My husband then reminded me that I was wearing the leopard-print stilettos that were complimented three times by strangers. Oh well, still have a bit of DC in me, even if I desire to be more Naptown.
I love great shoes. You can wear the most basic things, and your shoes will always take center stage. It is far easier to get away at work with crazy shoes than crazy makeup or crazy dresses.
I am allergic to blue cheese, but I asked for gorgonzola on my salad last night. How can you have field greens, champagne vinaigrette, pears and walnuts without it?
I hate admitting when I am disappointed to a nice waitress. The kitchen brought out our entrees before our appetizer, didn’t bring bread until our second request and never brought my lemon for my water so I had to steal my husband’s off his iced tea. Oh, and the chips with the spinach artichoke dip were stale as all heck, hence the need for the bread. But she was so darn cute and sweet I couldn’t complain.
I don’t think my husband could either; he felt guilty and left a 20% tip.
Today, he is sending a letter to Nordstrom to compliment them on our salesperson last night.

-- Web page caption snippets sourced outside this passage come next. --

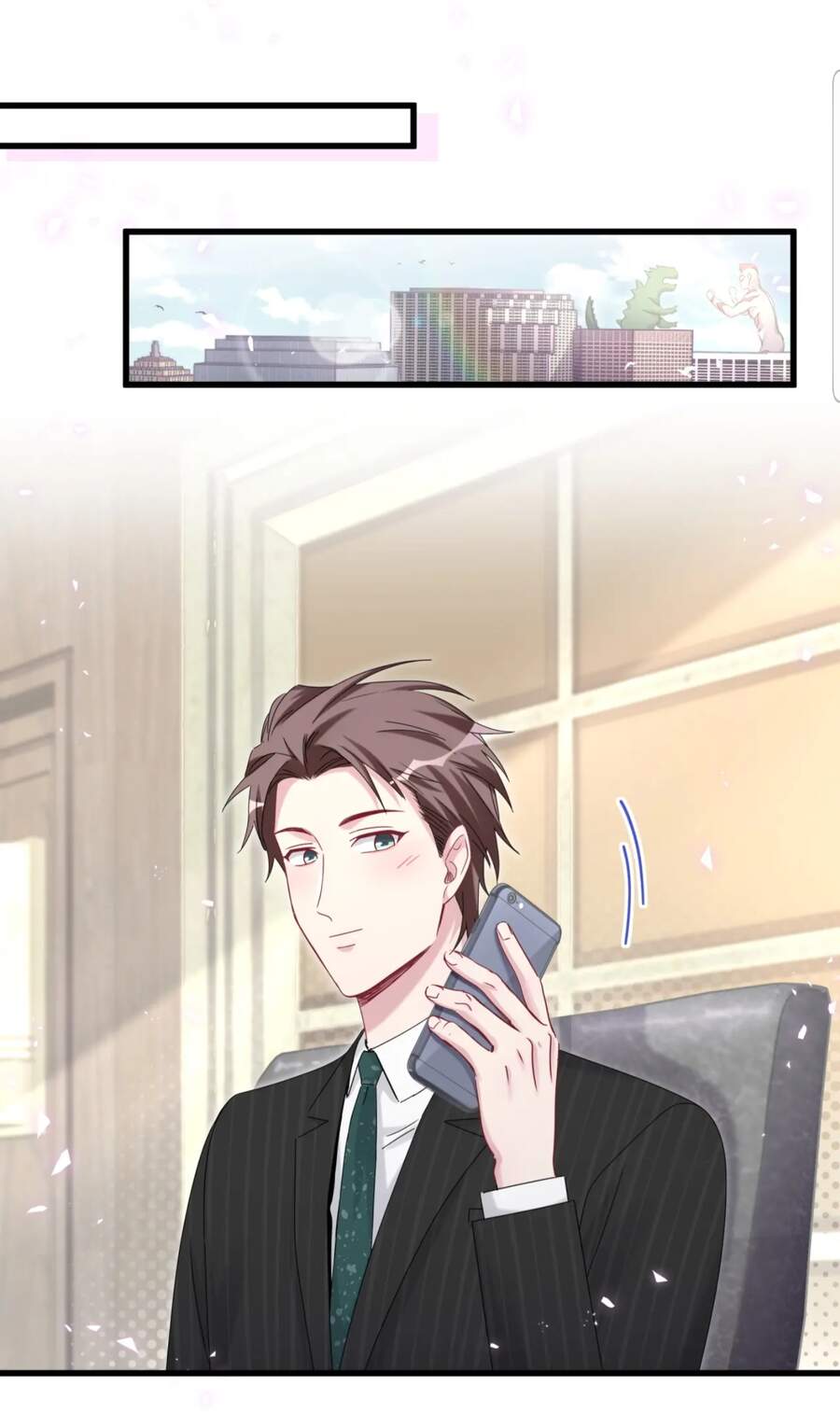 Đứa Bé Là Của Ai ???? Chapter 135 - 32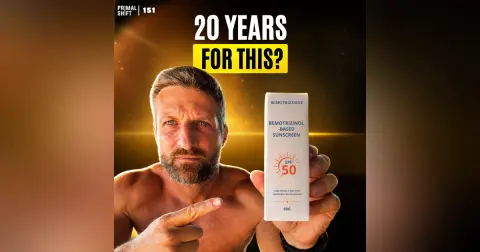 151: Bemotrizinol EXPOSED: 20 Years Late, But Is It Actually Good?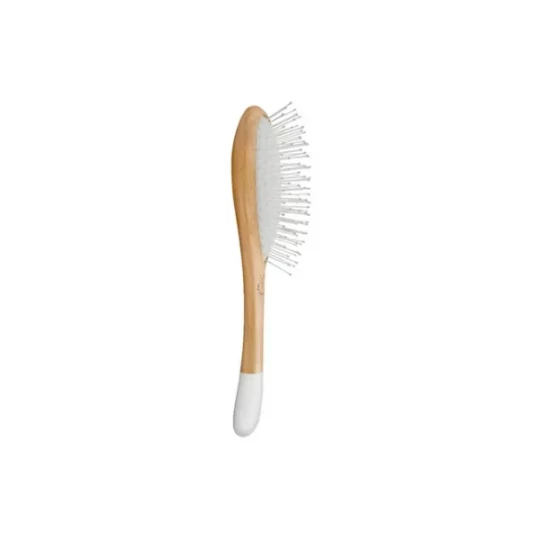 Bachca Brosse Pneumatique en Bois - image 4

I bought my husband some of those slip-on dress shoes (not traditional loafers, more sleek) a year or so ago, and last week, the seam busted out at the sole. We took them back to Nordstrom sans receipt in hopes they could fix them. They could not, so they offered us a replacement pair if I could guess the price. The same brand in a slightly different version was $130, so I said $130. He entered $150 into the register, so we got a $180 pair of shoes for $30 plus tax.
I felt bad because he spent a long time with us to have such a meager sale, and like the waitress, for some reason, we felt bad for doing what customers do and expecting those in the service industry to do their job, so we are writing a thank you letter.
People should write more thank you letters. Nothing makes a person’s day more than having nice sentiments on paper.
I have all my thank you notes and customer comment cards from my retail days saved in a binder in clear pages. I like to look at it when I feel like a loser.
I also save all the sweet compliments and thank you emails I get from readers in my inbox so I can be reminded of why I write and that I am not invisible in this world.
Speaking of which, someone walked by my cube and complimented me on my perfume. I smiled and said, “It’s Burberry London,” when asked about the brand. “I guess you could say it’s my signature fragrance.”
Then I thought, “Oh crap, they can smell my perfume from outside my cube? That’s not a signature; that’s a billboard!”
I promptly licked and rubbed together my wrists in an attempt to wear away some scent. Burberry London may smell nice, but it doesn’t taste nice.